Мастер сердито уставился на него изжелта-серыми зоркими глазами.

— Ты чей?

— Дементьев… Вы вчера были у нас…

— А-а… Фомы Дементьева сын, так? — Антипа Григорьевич дернул бородку. — Чего же ты хочешь?

— Чтоб похлопотали… Написали письмо Друзилину.

— Зачем писать? Не надо писать. Поезжай к Друзилину и скажи, что я прислал, так?

— Так, — ответил Володя и пошел.

— Погоди… — остановил его мастер. — Я еду сам в Чайкино, к Друзилину. Хочешь со мной на дрезине?

Володя был только рад этому. Он благодарно взглянул на Антипу Григорьевича и удивился: лицо мастера морщилось от скупой улыбки.

— Садись! — приказал Антипа Григорьевич.

Прижимая к себе узелок с харчами, Володя уселся на сиденье дрезины.

— Ты узелок положи-ка, — ласково предложил старик. — Садись-ка за рычаги. Алексей, — обратился он к одному из рабочих, — ты останься и займись костылями, а мы теперь втроем доедем. Ну-ка, малец, берись…

Володя знал, что требовалось от него. Качать рычаги дрезины, мчаться на ней по железной дороге во весь дух — это удовольствие, которому мог позавидовать не один из Володиных друзей.

— Поехали, — скомандовал мастер…

Володя налег на рычаги обеими руками, стал двигать ими с ребячьим азартом. Дрезина, весело постукивая колесами, побежала от станции в степь. Ровный тугой ветер потянул в лицо.

Володя тратил усилий больше, чем требовалось. Не успели проехать семафор, как он вспотел, прерывисто задышал.

— Не горячись.

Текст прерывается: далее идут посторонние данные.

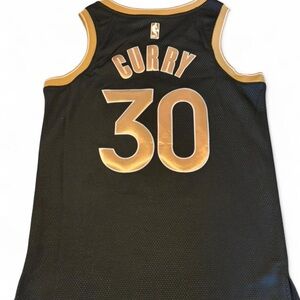 NBA Curry Black and Gold Basketball Jersey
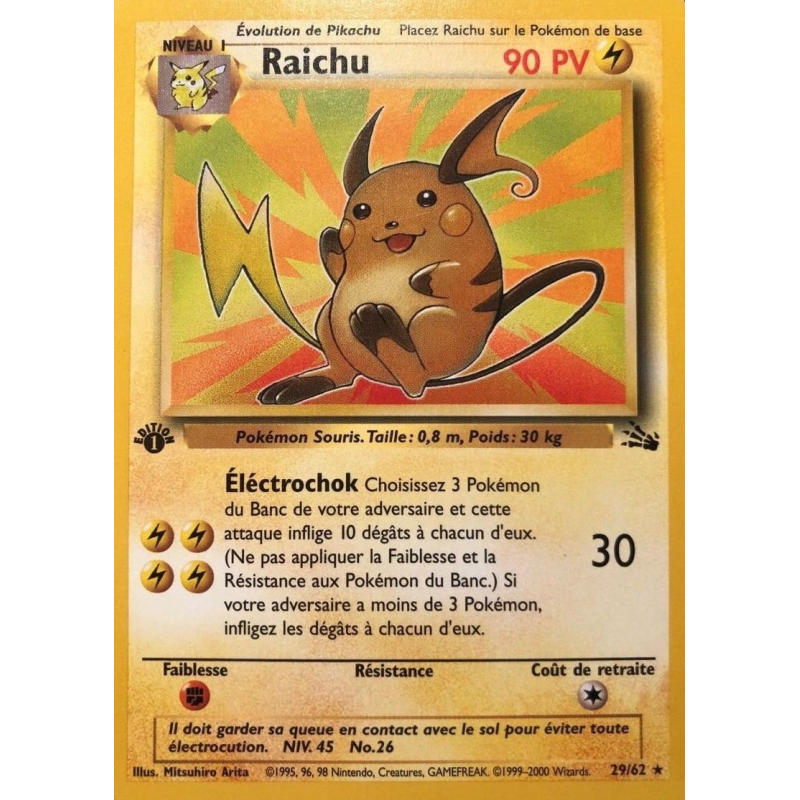 Carte Pokémon Raichu 29/62 Rare Fossile (JCC)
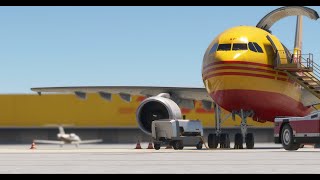 MSFS  DHL A300F4600R Leipzig to Madrid  iniBuilds A30F  POSCON [upl. by Gniliem]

Не рви, — сказал Антипа Григорьевич и положил старчески сухую руку на руку Володи, державшую рычаг. — Ты вот так… К себе спокойно налегай, а от себя отпускай вольно. Так, так… Вольней, вольней — не дергай, чего ты дергаешь, как баба ухватом?

Мастер мягко нажимал на руку Володи. Сидевший по другую сторону рычага рабочий гнал дрезину спокойно, ничуть не утомляясь, изредка с улыбкой поглядывал на Володю.

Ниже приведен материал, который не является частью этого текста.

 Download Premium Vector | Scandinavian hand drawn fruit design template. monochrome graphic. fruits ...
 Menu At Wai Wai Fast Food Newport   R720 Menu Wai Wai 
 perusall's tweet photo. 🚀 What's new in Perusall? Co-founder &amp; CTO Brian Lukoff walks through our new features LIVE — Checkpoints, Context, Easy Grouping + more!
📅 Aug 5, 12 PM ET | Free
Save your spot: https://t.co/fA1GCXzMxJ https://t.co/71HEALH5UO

— Во-во… — подбадривал Антипа Григорьевич. — Толк из тебя, малец, выйдет. А ты в гимназии хотел учиться. Это не для тебя, брат. Ты думаешь, там задарма учат? Не задарма, малец, так? И моя бы Зинка в гимназии не училась, ежели бы я не был мастером. А мастером я стал и без гимназии. Голову надо иметь, малец, так? Я тоже вот в твои лета сел дрезину гонять, а потом, видишь, чего достиг. И брось ты о гимназии думать. В дело вникай. Как гайки привинчивают, как костыли забивают, как шпалы укладывают — на все смотри. Вот это тебе гимназия.

Антипа Григорьевич был, по-видимому, в самом хорошем расположении духа; сухонький и сутулый, он горбился возле Володи, поставив между ног шаблон, и, не спуская зорких глаз с выстилающейся впереди рельсовой колеи, рассказывал по-стариковски сипловатым голосом:

— Недавно отвез я Зинку в шестой класс гимназии. Вот ей гимназия нужна, так? Зачем ей, допустим, рельсы, шпалы и костыли? Не надобны они ей. Ей легкая работа требуется, так?

«Значит, уехала Зина», — подумал Володя с грустью. Он с удивлением слушал старика. Старик был неузнаваем: даже морщинки разгладились вокруг его серой, с прожелтью бородки; всегда ехидные, колючие глазки посматривали на Володю весело и дружелюбно.

— Эх, Фома, Фома! — вдруг громко и с искренним сожалением вздохнул Антипа Григорьевич. — Беда свалилась на него. Жалко — преотличный путевой сторож был. Братьев Дементьевых я давно знаю. Начали они при мне ремонтными рабочими. Но ты, малец, теперь не балуй. Дело постигай, чтобы на шее у отца не висеть, так? Ну-ка, останови дрезину, — потребовал Антипа Григорьевич и сам придержал рычаг.